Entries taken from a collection
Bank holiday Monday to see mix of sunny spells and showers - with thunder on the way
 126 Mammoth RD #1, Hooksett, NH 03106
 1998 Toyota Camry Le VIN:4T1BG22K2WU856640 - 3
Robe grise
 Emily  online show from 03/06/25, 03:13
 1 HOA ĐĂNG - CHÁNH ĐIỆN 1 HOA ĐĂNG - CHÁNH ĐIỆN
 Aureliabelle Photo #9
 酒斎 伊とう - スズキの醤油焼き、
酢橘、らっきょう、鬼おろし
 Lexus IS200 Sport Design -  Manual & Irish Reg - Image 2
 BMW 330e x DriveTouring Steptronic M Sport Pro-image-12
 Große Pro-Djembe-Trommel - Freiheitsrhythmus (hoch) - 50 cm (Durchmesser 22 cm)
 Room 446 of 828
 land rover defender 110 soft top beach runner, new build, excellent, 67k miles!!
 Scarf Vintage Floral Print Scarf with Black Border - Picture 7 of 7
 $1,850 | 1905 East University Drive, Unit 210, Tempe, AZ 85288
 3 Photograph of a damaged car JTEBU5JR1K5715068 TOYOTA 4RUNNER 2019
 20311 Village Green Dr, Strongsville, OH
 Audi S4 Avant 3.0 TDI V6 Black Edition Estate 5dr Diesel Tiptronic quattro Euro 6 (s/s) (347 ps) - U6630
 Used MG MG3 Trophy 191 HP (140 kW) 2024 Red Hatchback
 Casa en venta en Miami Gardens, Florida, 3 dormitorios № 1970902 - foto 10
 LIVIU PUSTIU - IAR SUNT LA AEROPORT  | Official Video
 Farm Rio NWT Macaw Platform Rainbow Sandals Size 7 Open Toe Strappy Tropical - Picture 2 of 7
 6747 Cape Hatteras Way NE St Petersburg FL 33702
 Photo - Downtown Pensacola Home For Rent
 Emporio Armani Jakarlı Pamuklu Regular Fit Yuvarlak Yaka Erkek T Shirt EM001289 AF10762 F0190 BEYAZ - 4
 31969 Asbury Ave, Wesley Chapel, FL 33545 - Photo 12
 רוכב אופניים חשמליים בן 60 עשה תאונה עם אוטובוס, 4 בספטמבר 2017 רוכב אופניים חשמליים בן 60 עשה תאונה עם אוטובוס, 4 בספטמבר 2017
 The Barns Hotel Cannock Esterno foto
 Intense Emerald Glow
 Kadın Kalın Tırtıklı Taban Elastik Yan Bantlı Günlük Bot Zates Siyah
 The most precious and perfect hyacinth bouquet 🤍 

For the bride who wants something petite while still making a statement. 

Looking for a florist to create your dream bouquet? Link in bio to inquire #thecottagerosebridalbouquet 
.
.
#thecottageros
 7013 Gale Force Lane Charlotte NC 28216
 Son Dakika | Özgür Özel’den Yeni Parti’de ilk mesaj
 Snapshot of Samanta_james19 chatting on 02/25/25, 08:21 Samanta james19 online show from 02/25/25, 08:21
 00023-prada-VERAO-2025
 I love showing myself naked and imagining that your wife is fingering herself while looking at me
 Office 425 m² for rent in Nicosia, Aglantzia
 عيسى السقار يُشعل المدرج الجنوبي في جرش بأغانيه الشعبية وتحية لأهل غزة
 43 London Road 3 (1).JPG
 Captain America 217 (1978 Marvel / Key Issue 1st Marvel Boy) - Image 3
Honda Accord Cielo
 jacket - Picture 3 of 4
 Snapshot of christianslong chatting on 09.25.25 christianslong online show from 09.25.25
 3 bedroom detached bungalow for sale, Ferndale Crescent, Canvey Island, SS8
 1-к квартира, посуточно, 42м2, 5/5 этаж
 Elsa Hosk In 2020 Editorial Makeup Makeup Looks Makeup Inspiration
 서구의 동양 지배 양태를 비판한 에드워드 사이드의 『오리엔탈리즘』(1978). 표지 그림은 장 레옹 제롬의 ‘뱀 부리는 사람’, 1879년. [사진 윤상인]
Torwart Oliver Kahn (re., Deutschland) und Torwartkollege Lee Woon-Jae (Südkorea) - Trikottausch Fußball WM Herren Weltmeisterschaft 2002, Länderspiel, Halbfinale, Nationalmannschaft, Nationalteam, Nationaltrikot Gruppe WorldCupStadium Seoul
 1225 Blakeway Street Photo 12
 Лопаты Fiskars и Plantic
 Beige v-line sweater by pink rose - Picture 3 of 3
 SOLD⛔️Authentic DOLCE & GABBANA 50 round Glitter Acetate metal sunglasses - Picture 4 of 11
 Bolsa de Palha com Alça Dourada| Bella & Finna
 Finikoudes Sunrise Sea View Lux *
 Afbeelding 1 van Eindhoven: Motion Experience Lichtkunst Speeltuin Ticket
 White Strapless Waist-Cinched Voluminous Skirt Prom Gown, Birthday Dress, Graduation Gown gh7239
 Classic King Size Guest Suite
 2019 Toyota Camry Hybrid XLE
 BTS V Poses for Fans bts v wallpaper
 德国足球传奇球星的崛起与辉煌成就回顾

■ **What the exercise asks**: Please print the data above exactly as it appears.

■ **Response area**:
Bank holiday Monday to see mix of sunny spells and showers - with thunder on the way
 126 Mammoth RD #1, Hooksett, NH 03106
 1998 Toyota Camry Le VIN:4T1BG22K2WU856640 - 3
Robe grise
 Emily  online show from 03/06/25, 03:13
 1 HOA ĐĂNG - CHÁNH ĐIỆN 1 HOA ĐĂNG - CHÁNH ĐIỆN
 Aureliabelle Photo #9
 酒斎 伊とう - スズキの醤油焼き、
酢橘、らっきょう、鬼おろし
 Lexus IS200 Sport Design -  Manual & Irish Reg - Image 2
 BMW 330e x DriveTouring Steptronic M Sport Pro-image-12
 Große Pro-Djembe-Trommel - Freiheitsrhythmus (hoch) - 50 cm (Durchmesser 22 cm)
 Room 446 of 828
 land rover defender 110 soft top beach runner, new build, excellent, 67k miles!!
 Scarf Vintage Floral Print Scarf with Black Border - Picture 7 of 7
 $1,850 | 1905 East University Drive, Unit 210, Tempe, AZ 85288
 3 Photograph of a damaged car JTEBU5JR1K5715068 TOYOTA 4RUNNER 2019
 20311 Village Green Dr, Strongsville, OH
 Audi S4 Avant 3.0 TDI V6 Black Edition Estate 5dr Diesel Tiptronic quattro Euro 6 (s/s) (347 ps) - U6630
 Used MG MG3 Trophy 191 HP (140 kW) 2024 Red Hatchback
 Casa en venta en Miami Gardens, Florida, 3 dormitorios № 1970902 - foto 10
 LIVIU PUSTIU - IAR SUNT LA AEROPORT  | Official Video
 Farm Rio NWT Macaw Platform Rainbow Sandals Size 7 Open Toe Strappy Tropical - Picture 2 of 7
 6747 Cape Hatteras Way NE St Petersburg FL 33702
 Photo - Downtown Pensacola Home For Rent
 Emporio Armani Jakarlı Pamuklu Regular Fit Yuvarlak Yaka Erkek T Shirt EM001289 AF10762 F0190 BEYAZ - 4
 31969 Asbury Ave, Wesley Chapel, FL 33545 - Photo 12
 רוכב אופניים חשמליים בן 60 עשה תאונה עם אוטובוס, 4 בספטמבר 2017 רוכב אופניים חשמליים בן 60 עשה תאונה עם אוטובוס, 4 בספטמבר 2017
 The Barns Hotel Cannock Esterno foto
 Intense Emerald Glow
 Kadın Kalın Tırtıklı Taban Elastik Yan Bantlı Günlük Bot Zates Siyah
 The most precious and perfect hyacinth bouquet 🤍 

For the bride who wants something petite while still making a statement. 

Looking for a florist to create your dream bouquet? Link in bio to inquire #thecottagerosebridalbouquet 
.
.
#thecottageros
 7013 Gale Force Lane Charlotte NC 28216
 Son Dakika | Özgür Özel’den Yeni Parti’de ilk mesaj
 Snapshot of Samanta_james19 chatting on 02/25/25, 08:21 Samanta james19 online show from 02/25/25, 08:21
 00023-prada-VERAO-2025
 I love showing myself naked and imagining that your wife is fingering herself while looking at me
 Office 425 m² for rent in Nicosia, Aglantzia
 عيسى السقار يُشعل المدرج الجنوبي في جرش بأغانيه الشعبية وتحية لأهل غزة
 43 London Road 3 (1).JPG
 Captain America 217 (1978 Marvel / Key Issue 1st Marvel Boy) - Image 3
Honda Accord Cielo
 jacket - Picture 3 of 4
 Snapshot of christianslong chatting on 09.25.25 christianslong online show from 09.25.25
 3 bedroom detached bungalow for sale, Ferndale Crescent, Canvey Island, SS8
 1-к квартира, посуточно, 42м2, 5/5 этаж
 Elsa Hosk In 2020 Editorial Makeup Makeup Looks Makeup Inspiration
 서구의 동양 지배 양태를 비판한 에드워드 사이드의 『오리엔탈리즘』(1978). 표지 그림은 장 레옹 제롬의 ‘뱀 부리는 사람’, 1879년. [사진 윤상인]
Torwart Oliver Kahn (re., Deutschland) und Torwartkollege Lee Woon-Jae (Südkorea) - Trikottausch Fußball WM Herren Weltmeisterschaft 2002, Länderspiel, Halbfinale, Nationalmannschaft, Nationalteam, Nationaltrikot Gruppe WorldCupStadium Seoul
 1225 Blakeway Street Photo 12
 Лопаты Fiskars и Plantic
 Beige v-line sweater by pink rose - Picture 3 of 3
 SOLD⛔️Authentic DOLCE & GABBANA 50 round Glitter Acetate metal sunglasses - Picture 4 of 11
 Bolsa de Palha com Alça Dourada| Bella & Finna
 Finikoudes Sunrise Sea View Lux *
 Afbeelding 1 van Eindhoven: Motion Experience Lichtkunst Speeltuin Ticket
 White Strapless Waist-Cinched Voluminous Skirt Prom Gown, Birthday Dress, Graduation Gown gh7239
 Classic King Size Guest Suite
 2019 Toyota Camry Hybrid XLE
 BTS V Poses for Fans bts v wallpaper
 德国足球传奇球星的崛起与辉煌成就回顾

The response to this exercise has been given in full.